I don't really understand your point here. First, I never suggested 
fitting a model of any kind to select unchanged probesets, unless 
computing the variance is some kind of newfangled model fitting that I 
don't understand.

In addition, are you really claiming that a probeset that is 'below the 
detection limit' (whatever that means) will _not_ have any variance? I 
would say that doesn't make any sense. All expression values will 
exhibit some level of variance regardless of whether you might think 
they are 'below the detection limit'.

> 
> It seems to me that this approach leads to a false/erroneous reduction in 
> the multiplicity problem, as you've just moved the hypothesis testing into 
> a separate "phase" of the analysis.  And it also would mess up pooled 
> variance estimates such as those used in eBayes-based methods (e.g. 
> limma).

So yes, if I had actually advocated fitting a model you would be 
correct.

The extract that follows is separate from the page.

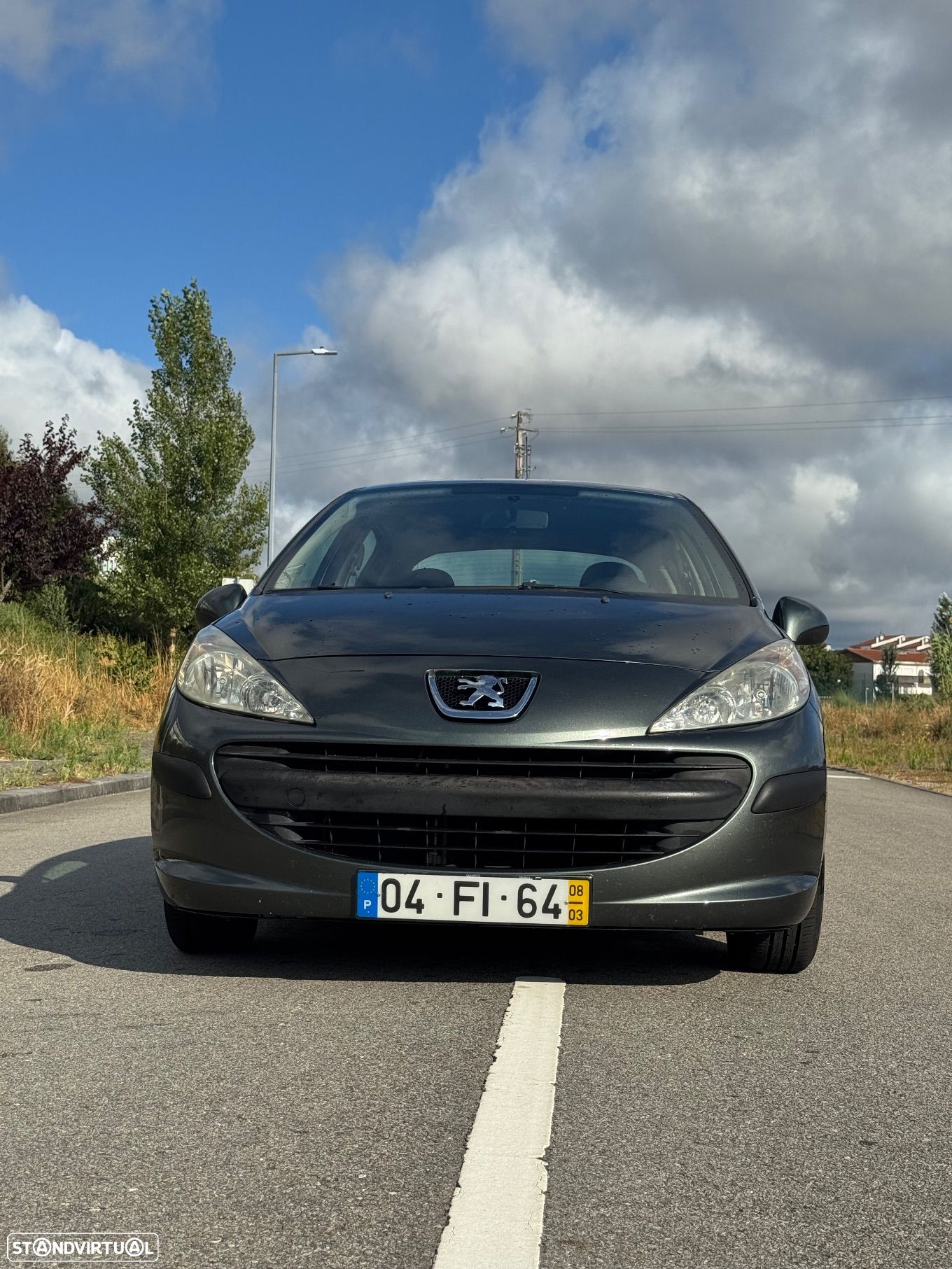 Peugeot 207 - 1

However, simply deciding to exclude probesets that have a low 
variance will not affect the hypothesis testing. Although it could have 
an effect on the computation of the pooled variance estimates if you 
remove too many probesets as the pooled variance might increase.

But the same can be said for any filtering method. If you remove a lot 
of probesets of low intensity (say all those with an absent call) then 
you very well could be removing probesets with a higher variance and 
then mess up the estimate of the pooled variance as well.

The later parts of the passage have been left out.